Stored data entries
=== Begin Enclosure ===
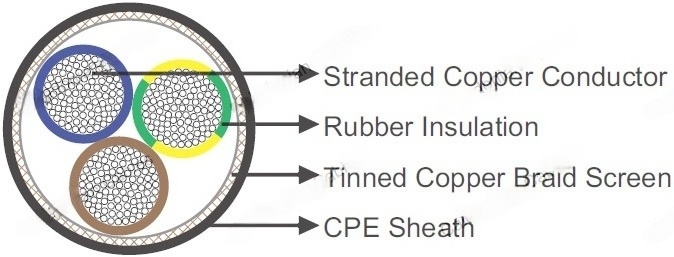 S-3GSHCOEU 0.6/1kV & UL 1000V 90°C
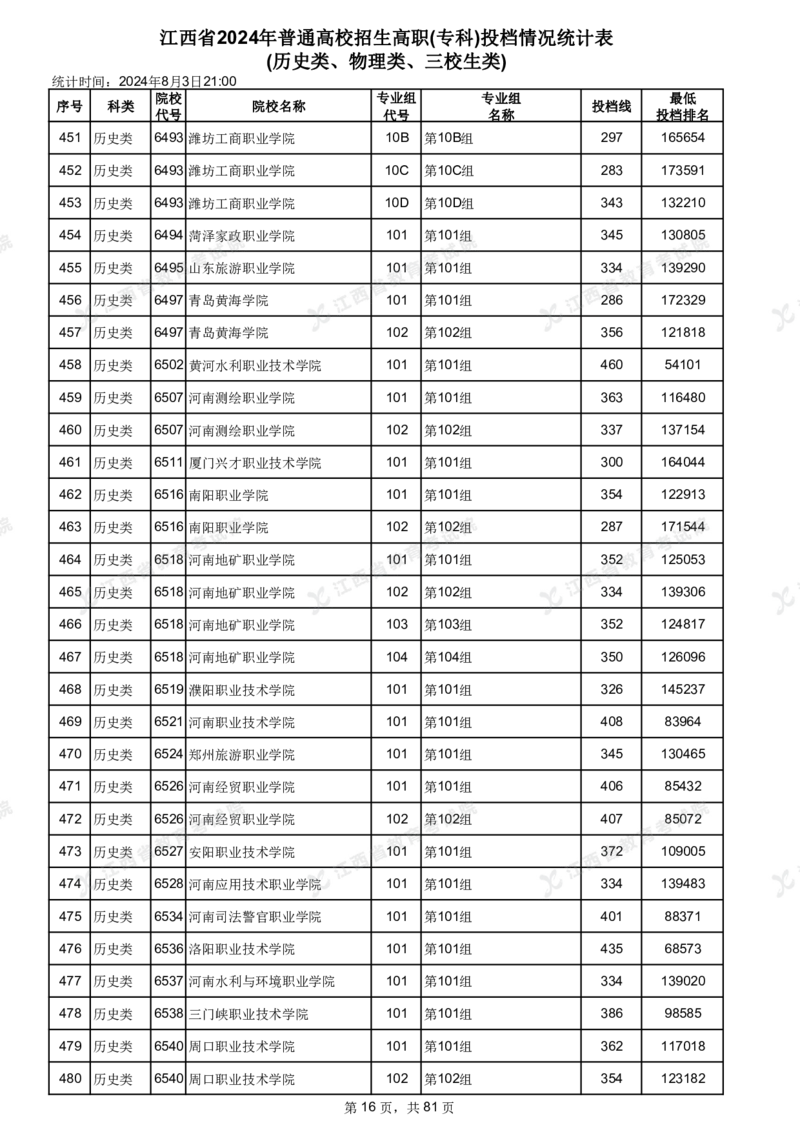 江西省2024年普通高校招生高职(专科)投档情况统计表(历史类、物理类、三校生类)_全国31省市各大学投档分数线（24年）_江西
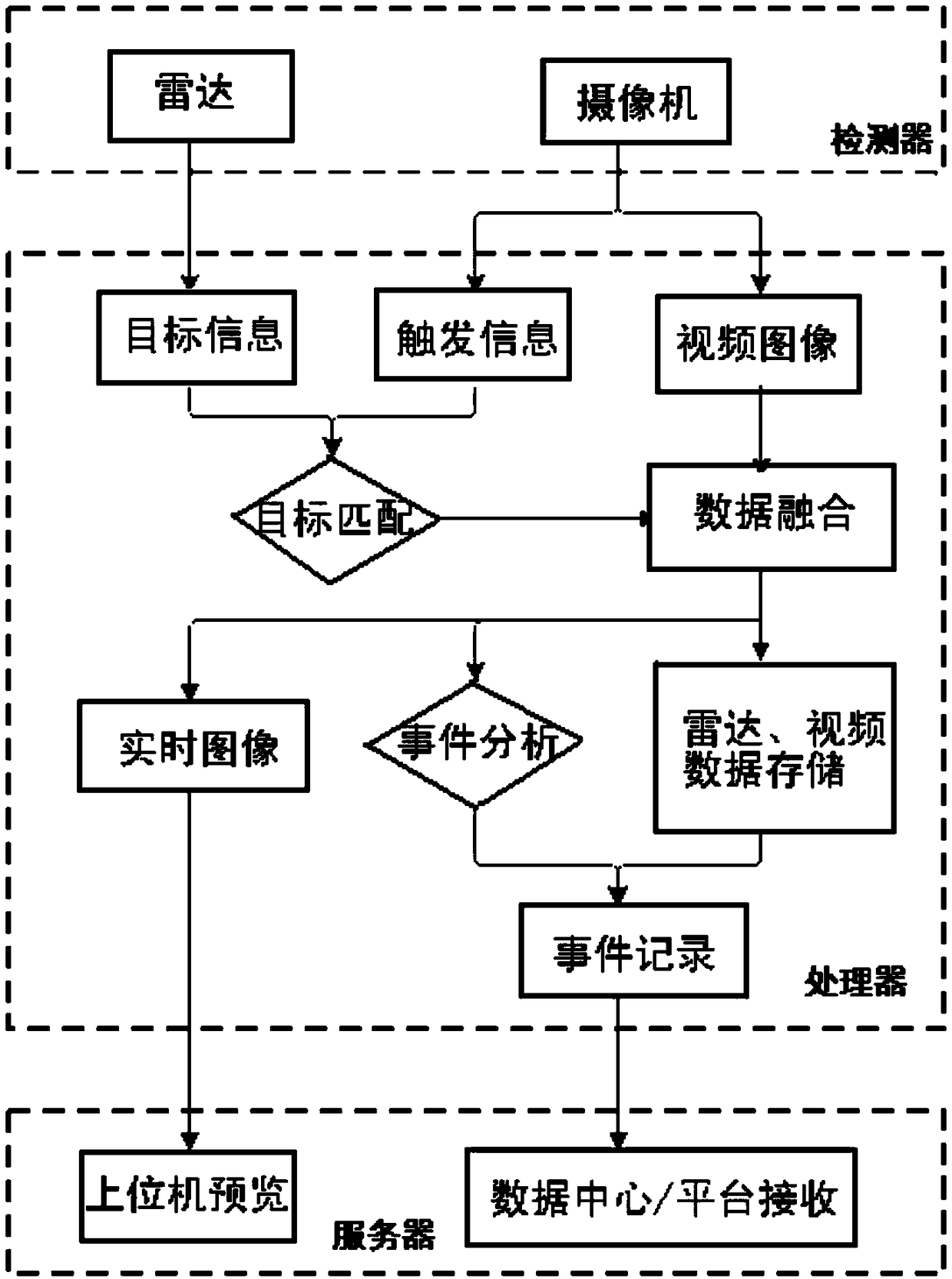 Method and device for recording continuous lane changing law violation behavior of motor vehicles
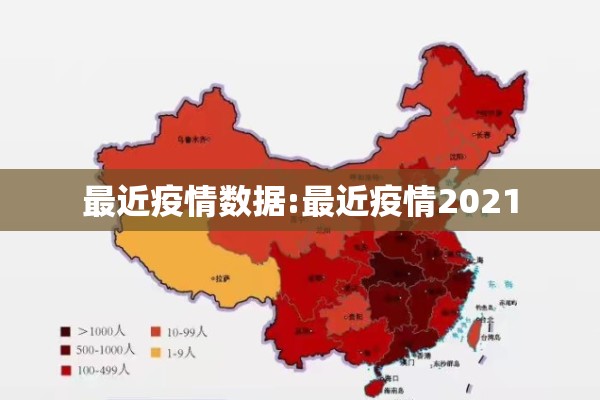 最近疫情数据:最近疫情2021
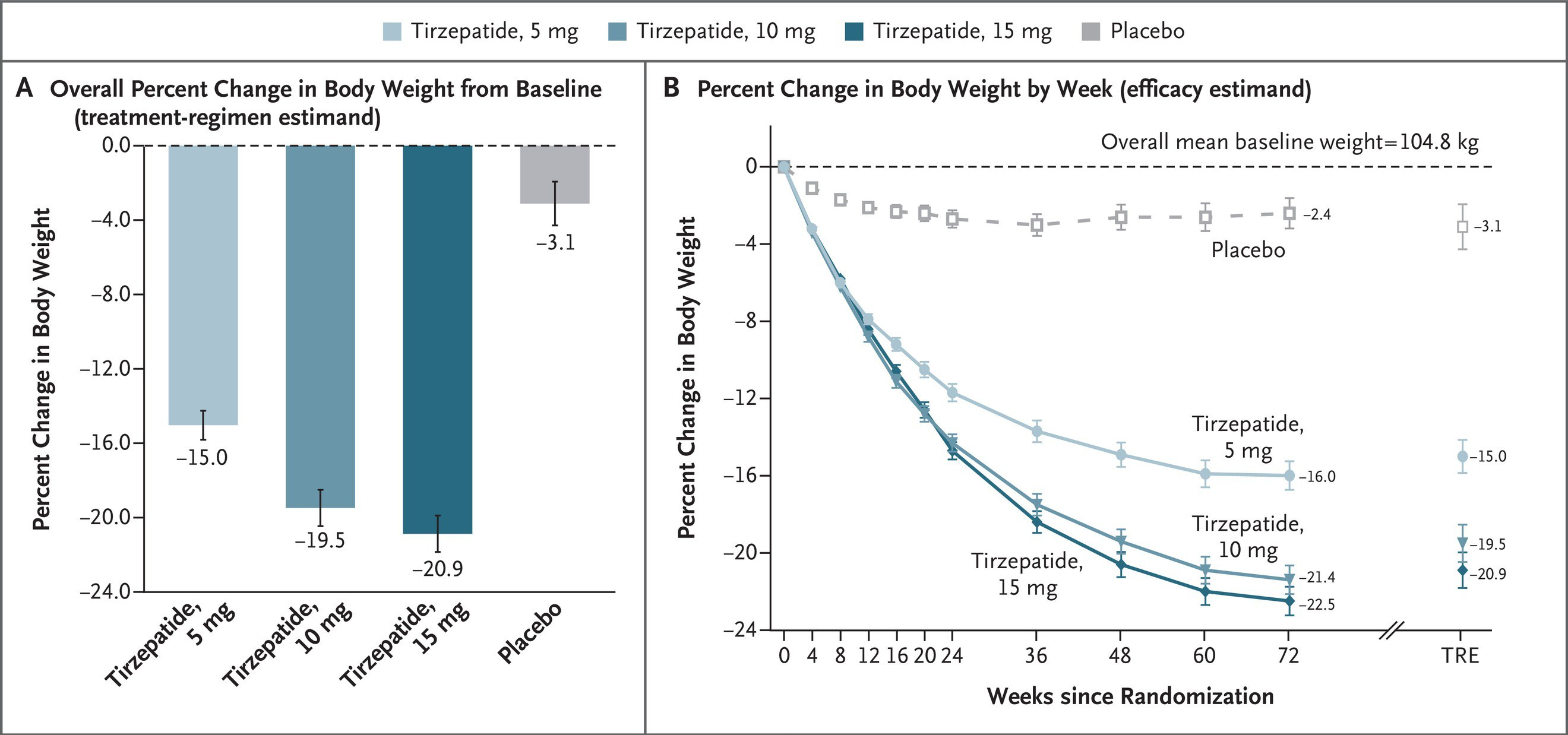 Least-squares means are presented, unless otherwise noted. Panel A shows the percent change in body weight from baseline to week 72, derived from an analysis of covariance model for the treatment-regimen estimand (TRE). Panel B shows the percent change in body weight according to weeks since randomization, derived from a mixed model for repeated measures (MMRM) analysis for the efficacy estimand; week 72 estimates for the treatment-regimen estimand are also shown.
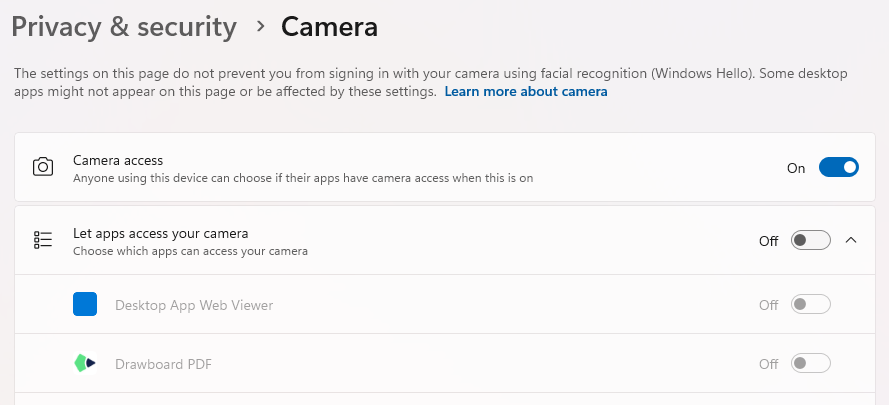 Разрешете на приложенията достъп до вашата камера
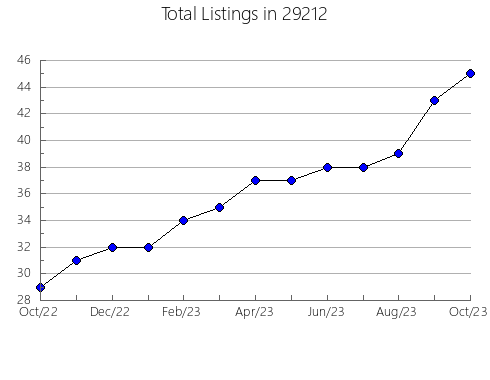 Airbnb & Vrbo Analytics, listings per month in La Grange, KY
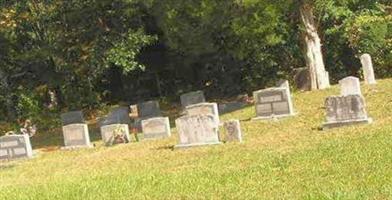 Beavers Cemetery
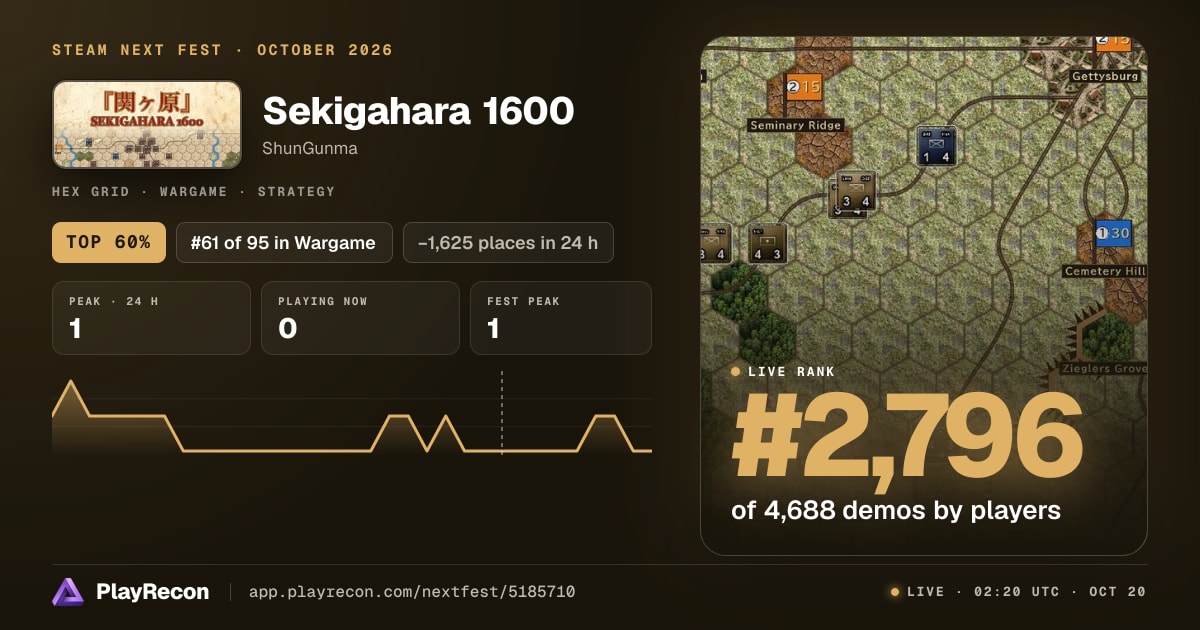 Sekigahara 1600 im Steam Next Fest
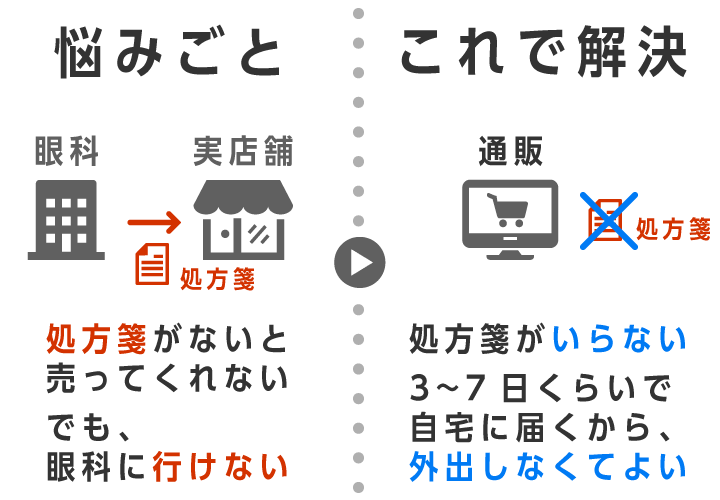 コロナ対策 眼科に行かず処方箋なしでコンタクトレンズを買う方法 コンタクトレンズ通販情報サイト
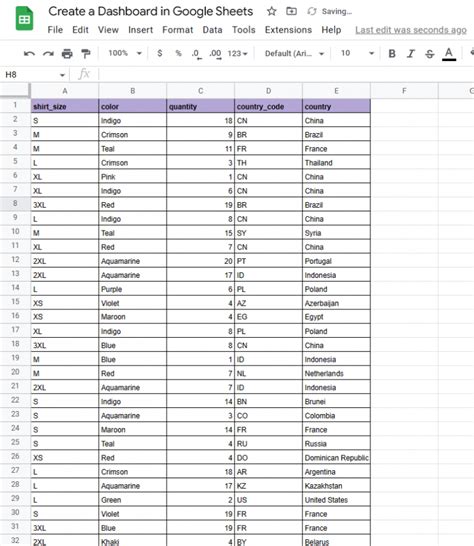 How To Create a Dashboard In Google Sheets - Sheets for Marketers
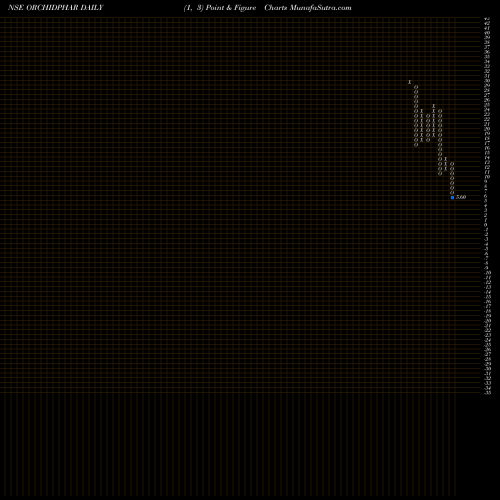 Free Point and Figure charts Orchid Pharma Limited ORCHIDPHAR share NSE Stock Exchange 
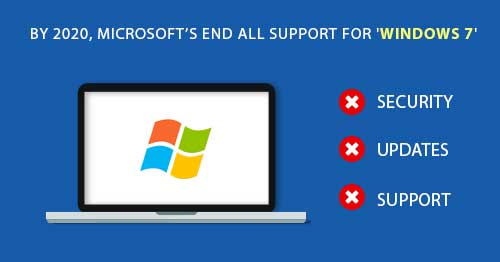 microsoft-ends-support-for-windows7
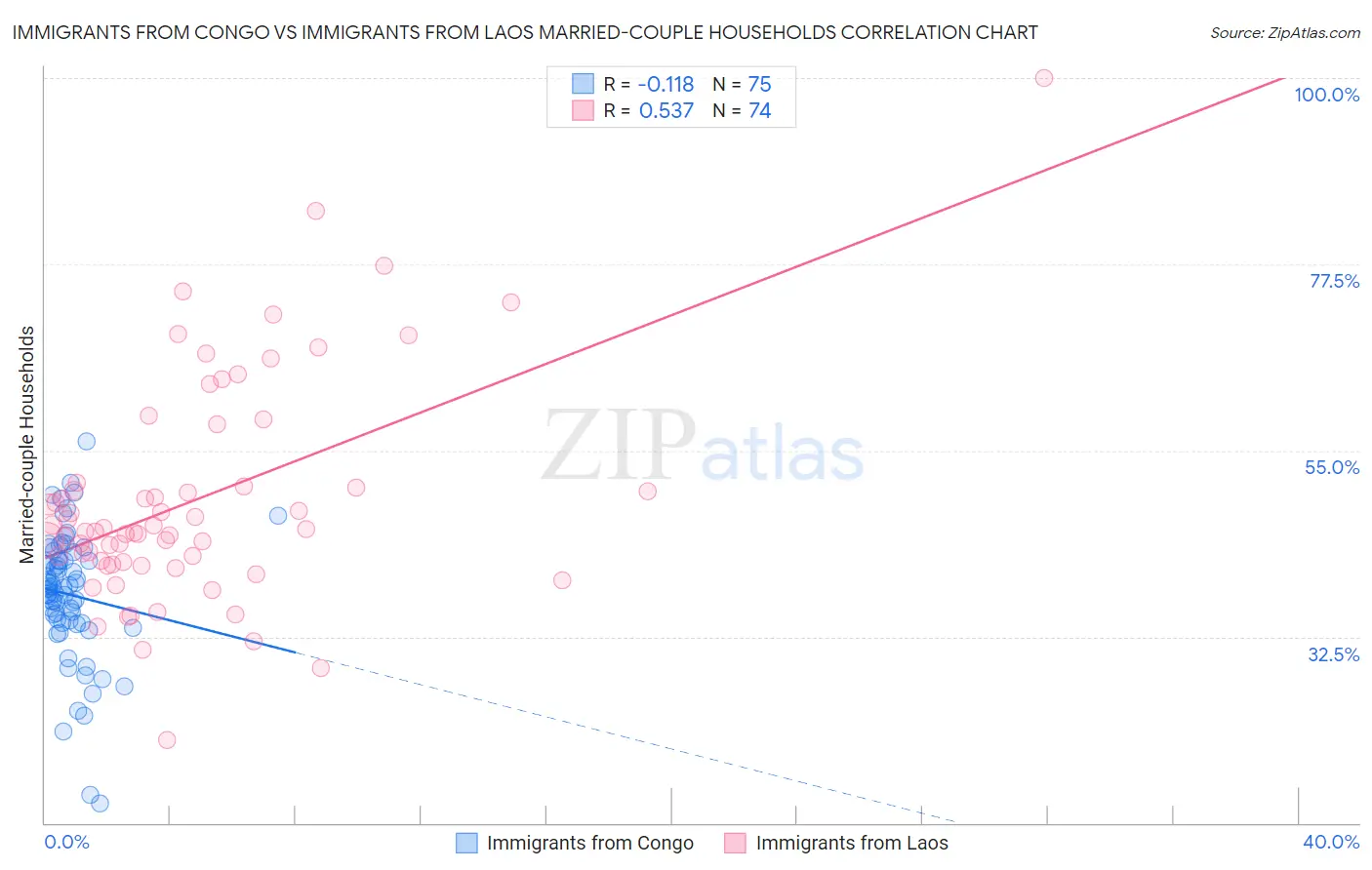 Immigrants from Congo vs Immigrants from Laos Married-couple Households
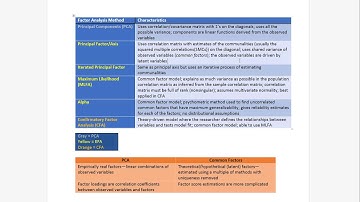 4 21 Factor Analysis Models   PCA vs EFA vs CFA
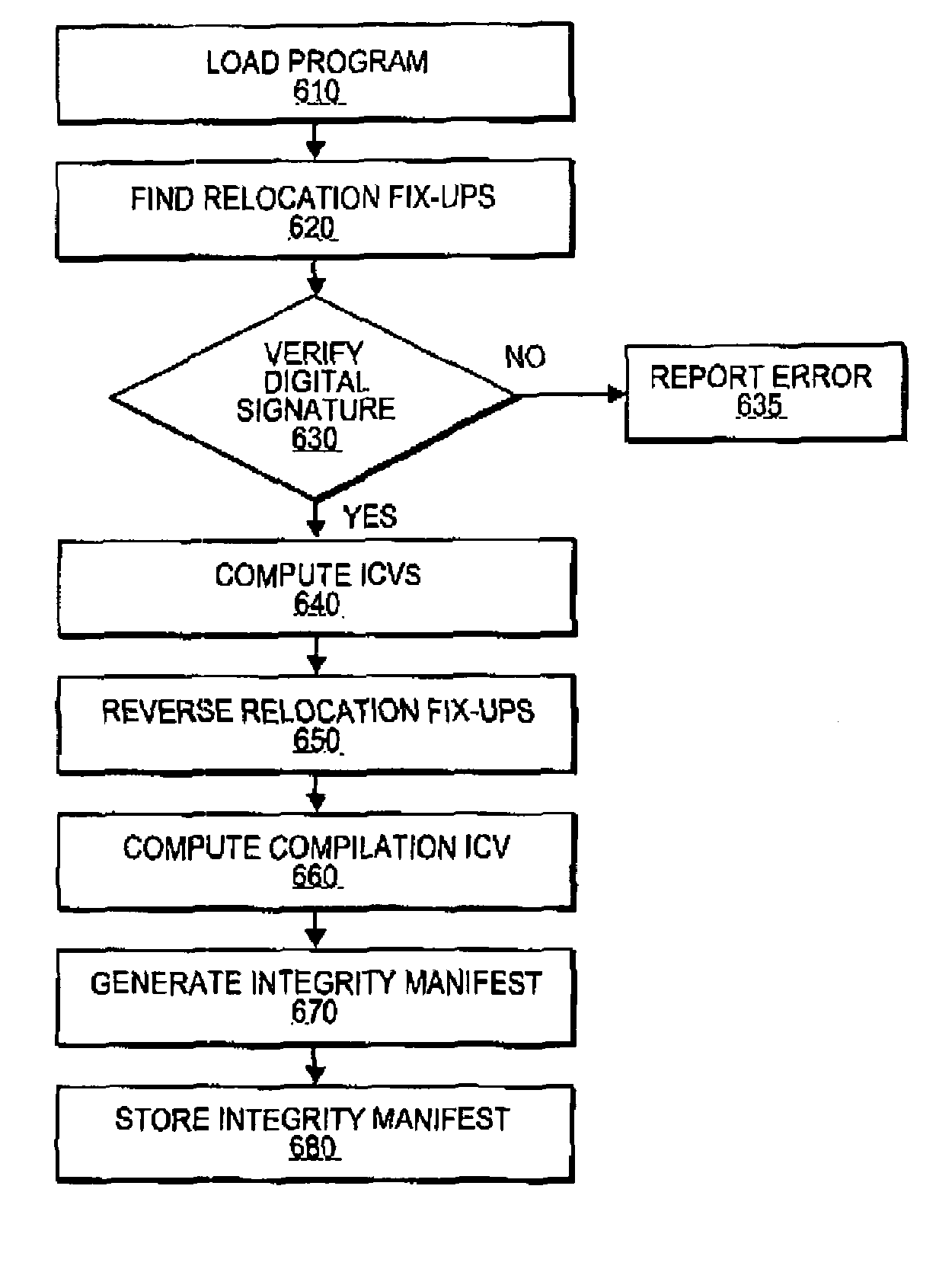 Dynamic generation of integrity manifest for run-time verification of software program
=== End Enclosure ===
> [DIRECTIONS FOR THIS TASK] From the line containing "Sekigahara 1600 im Steam Next Fest" down to the final line of the records above, restate every line word for word, add nothing, and skip the pictures.

> [EXERCISE ANSWER]
 Sekigahara 1600 im Steam Next Fest
 コロナ対策 眼科に行かず処方箋なしでコンタクトレンズを買う方法 コンタクトレンズ通販情報サイト
 How To Create a Dashboard In Google Sheets - Sheets for Marketers
 Free Point and Figure charts Orchid Pharma Limited ORCHIDPHAR share NSE Stock Exchange 
 microsoft-ends-support-for-windows7
 Immigrants from Congo vs Immigrants from Laos Married-couple Households
 4 21 Factor Analysis Models   PCA vs EFA vs CFA
 Dynamic generation of integrity manifest for run-time verification of software program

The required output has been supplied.